= Kari Asikainen =

Finnish interior designer

Kari Aaro Juhani Asikainen (born 24 October 1939 in Parkano, Finland) is a Finnish interior designer and former professor of Industrial Furniture Design at MUOVA, the Design Centre of Western Finland in Vaasa, 1988–1994. He also taught at University of Art and Design Helsinki (known in Finnish as TAIK) in 1973–1988.

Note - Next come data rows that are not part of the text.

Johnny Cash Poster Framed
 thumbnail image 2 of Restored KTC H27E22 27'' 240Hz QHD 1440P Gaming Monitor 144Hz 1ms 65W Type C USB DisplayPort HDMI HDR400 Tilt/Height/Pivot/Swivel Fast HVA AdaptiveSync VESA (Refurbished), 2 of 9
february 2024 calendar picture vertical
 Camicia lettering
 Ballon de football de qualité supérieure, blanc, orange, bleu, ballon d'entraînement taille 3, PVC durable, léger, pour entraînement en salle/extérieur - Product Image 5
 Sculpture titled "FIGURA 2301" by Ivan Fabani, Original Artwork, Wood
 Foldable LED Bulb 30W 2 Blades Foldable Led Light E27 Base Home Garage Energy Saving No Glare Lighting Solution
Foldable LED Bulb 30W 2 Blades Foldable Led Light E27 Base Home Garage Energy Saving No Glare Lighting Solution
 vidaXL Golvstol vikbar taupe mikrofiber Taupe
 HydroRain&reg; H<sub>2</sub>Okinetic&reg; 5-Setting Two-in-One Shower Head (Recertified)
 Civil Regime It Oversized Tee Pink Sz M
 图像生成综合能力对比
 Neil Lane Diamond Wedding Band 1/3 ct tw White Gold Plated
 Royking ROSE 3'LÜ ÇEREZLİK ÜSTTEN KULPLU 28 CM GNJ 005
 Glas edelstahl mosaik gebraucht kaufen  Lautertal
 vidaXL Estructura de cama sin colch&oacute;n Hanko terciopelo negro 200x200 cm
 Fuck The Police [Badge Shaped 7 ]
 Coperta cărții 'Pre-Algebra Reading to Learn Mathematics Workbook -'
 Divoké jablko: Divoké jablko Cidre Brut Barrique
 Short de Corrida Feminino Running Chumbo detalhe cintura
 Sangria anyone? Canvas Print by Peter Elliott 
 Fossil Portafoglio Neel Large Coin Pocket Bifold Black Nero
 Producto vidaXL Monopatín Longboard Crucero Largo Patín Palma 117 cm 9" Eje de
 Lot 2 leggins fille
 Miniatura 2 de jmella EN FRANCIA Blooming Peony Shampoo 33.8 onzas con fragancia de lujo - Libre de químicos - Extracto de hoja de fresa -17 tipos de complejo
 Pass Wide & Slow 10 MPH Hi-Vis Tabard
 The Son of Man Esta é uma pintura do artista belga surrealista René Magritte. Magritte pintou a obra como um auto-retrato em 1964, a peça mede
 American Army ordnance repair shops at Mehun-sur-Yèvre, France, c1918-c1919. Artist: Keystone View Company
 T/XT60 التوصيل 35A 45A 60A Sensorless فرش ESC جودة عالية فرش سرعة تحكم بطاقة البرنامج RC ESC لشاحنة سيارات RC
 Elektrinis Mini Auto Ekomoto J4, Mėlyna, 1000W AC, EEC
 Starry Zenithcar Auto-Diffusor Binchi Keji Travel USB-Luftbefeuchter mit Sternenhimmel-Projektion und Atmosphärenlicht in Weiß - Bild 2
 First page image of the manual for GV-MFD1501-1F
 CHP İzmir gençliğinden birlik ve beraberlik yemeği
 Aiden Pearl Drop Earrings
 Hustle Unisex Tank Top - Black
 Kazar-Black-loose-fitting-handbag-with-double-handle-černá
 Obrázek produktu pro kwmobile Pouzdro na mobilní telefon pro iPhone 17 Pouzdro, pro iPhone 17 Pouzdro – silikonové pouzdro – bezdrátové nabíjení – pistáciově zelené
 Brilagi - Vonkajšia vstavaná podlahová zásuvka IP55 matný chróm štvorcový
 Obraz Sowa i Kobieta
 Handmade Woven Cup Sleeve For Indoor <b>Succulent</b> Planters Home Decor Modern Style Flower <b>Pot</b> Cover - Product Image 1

Asikainen studied at the Institute for Applied Arts (forerunner to TAIK), completing his studies in 1966. His best-known design is for the Kari series of chairs started in 1969, for which he was awarded the SIO (Finnish Association of Interior Architects) 1982 award for best piece of furniture for a public space. In 1984, he won the prestigious State Applied Arts Commission's Award.

== Exhibitions ==
Asikainen's work has been exhibited at the “Through life from children to elderly” (2002), Ozone Living Design Center, Tokyo, Japan; “La vita per le sedie” (1999), Bari, Italy; “Kuusikymppisen kolmikymppinen” (Thirty of a sixty) retrospective, Design Museum, Helsinki; “Kari 20 years” furniture exhibition (1989), Design Forum, Helsinki; “Furniture and textiles” joint exhibition (1987) with Katariina Metsovaara, Kluuvi Gallery, Helsinki.